Columns and Mappings
Column 1: DB Prefix
- Ignore
Column 2: DB Object ID
- Populate Gene field in ?GO_annotation (no conversion needed)
Column 3: Relation
- Populate Annotation_relation field with RO identifier
- For now, need to map the text string to an RO identifier (no NOT annotations here, yet)
- Subroutine exists in goa gpad parsing script, but we need to add all of the relations
- And check on how NOT is handled
sub populateAnnotrelToRo { $annotToRo{'colocalizes_with'} = 'RO:0002325'; $annotToRo{'contributes_to'} = 'RO:0002326'; $annotToRo{'enables'} = 'RO:0002327'; $annotToRo{'involved_in'} = 'RO:0002331'; $annotToRo{'part_of'} = 'BFO:0000050'; $annotToRo{'acts_upstream_of_or_within'} = 'RO:0002264'; $annotToRo{'acts_upstream_of'} = 'RO_0002263'; $annotToRo{'acts_upstream_of_or_within_negative_effect'} = 'RO:0004033'; $annotToRo{'acts_upstream_of_or_within_positive_effect'} = 'RO:0004032'; $annotToRo{'acts_upstream_of_negative_effect'} = 'RO:0004035'; $annotToRo{'acts_upstream_of_positive_effect'} = 'RO:0004034'; } # sub populateAnnotrelToRo
Column 4: GO ID
- GO_term (no conversion needed)
Column 5: Reference
- Convert PMID to WBPaper
- Populate GO_REF as usual (see other gpad parsing script)
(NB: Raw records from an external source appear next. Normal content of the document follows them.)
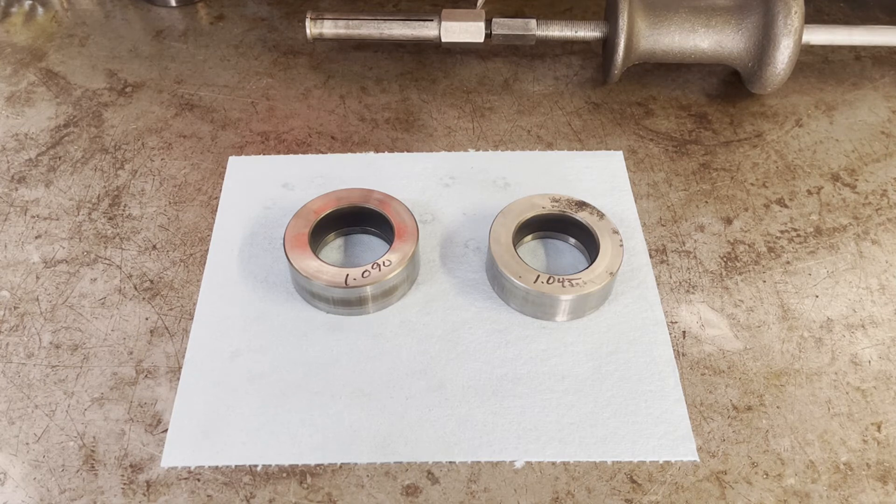If you measured your transmission's end-play prior to disassembly — which is something we should do — and it's within spec, spec being 8 thousandths to 44 thousandths travel between that drum and the selective washer at the base of the pump, then as long as you're not replacing any hard parts inside the unit on reassembly, you should be fine. But if you have to start replacing a lot of hard parts — maybe drums or planetary carriers or anything else — in addition to putting in all new thrust washers, and especially if you have to replace the low roller race itself, you're going to want to measure the thickness of your race and try to match it to the extent possible.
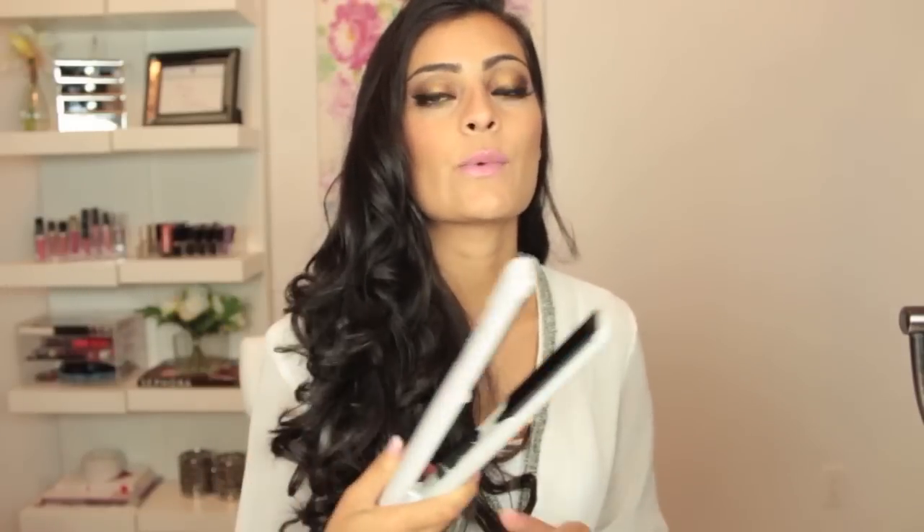Hi everyone, thank you for watching. My name is Michelle and today I'm going to be sharing with you how to curl your hair using a straightening iron. The iron that I'm using is this one by Carmen Professional. I really like it because it's small enough to really create a beautiful effortless curl.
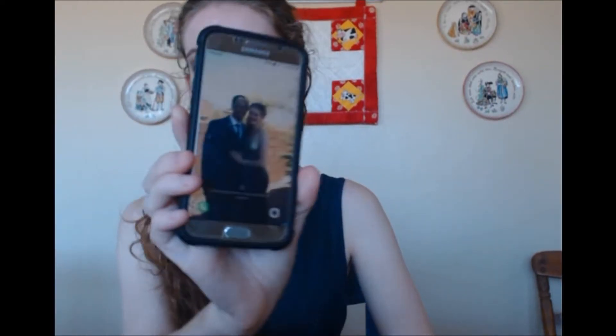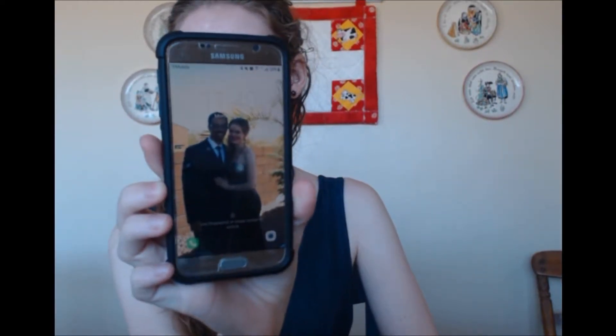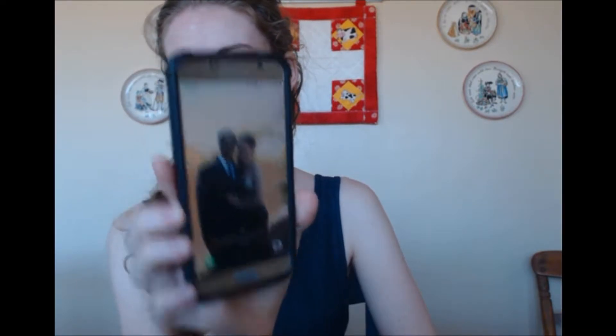Hello everyone. Today I thought I would do a small review of my brand new Samsung Galaxy S6. This is my brand new phone — you can see my background that I put in there.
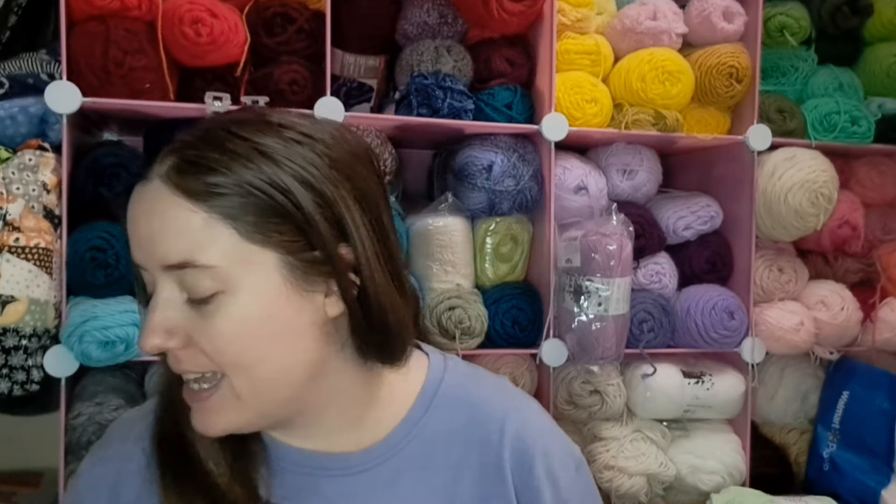Hey guys, welcome back! It's me, Ella. Today I wanted to hop on here and share things I've been making the last few days. The last thing I crocheted was only four days ago, but I like having them on Mondays and Tuesdays. That one was made on Thursday because I was behind, so I went ahead and made a new one just to get back onto my schedule. I've got some really cute things to share with you this week.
- PAINT_REF - convert to appropriate PMID (but why do we have these and are they in the GO database somewhere?)
Column 6: Evidence Code
- Convert ECO ID to 3-letter GO code
- This part will probably need to be written new as Tony maps the ECO to GO code in an annotation properties field, but this GPAD currently doesn't have that.
Column 7: With/From
- What’s here from go_gpad parser:
UniProtKB UniProtKB-KW UniProtKB-SubCell: UniPathway UniRule WB:WBGene WB:WBVar InterPro EC PANTHER PomBase SGD UniProt (this needs to be fixed in our GAF!! - see ‘Modification to our GAF file output’ email thread with Kevin Howe beginning on 2018-07-17; should be okay in WS267)
Column 8: Interacting taxon
- Currently don’t have any entries for this, but could reuse code from go_gpad parser
Column 9: Date
- YYYYMMDD - (no conversion needed)
Column 10: Assigned_by
- WB
- (SynGO - Need to upload an ?Analysis object that has the relevant details - file done 2018-10-23)
Column 11: Annotation Extensions
- Parse as for go_gpad parsing script
- Note that these are all RO relations
- Also, SynGO is using UBERON for occurs_in and evidence codes like ‘knockout’ that don’t make sense for the papers they’re curating.
- Note that these are all RO relations
Column 12: Annotation Properties
- Nothing to convert here.
- At some point, we may want to think about capturing some of this metadata, but will need thorough review first.
- Check curator; I’m still not sure we’re handling this correctly when we import existing annotations into GO-CAM models.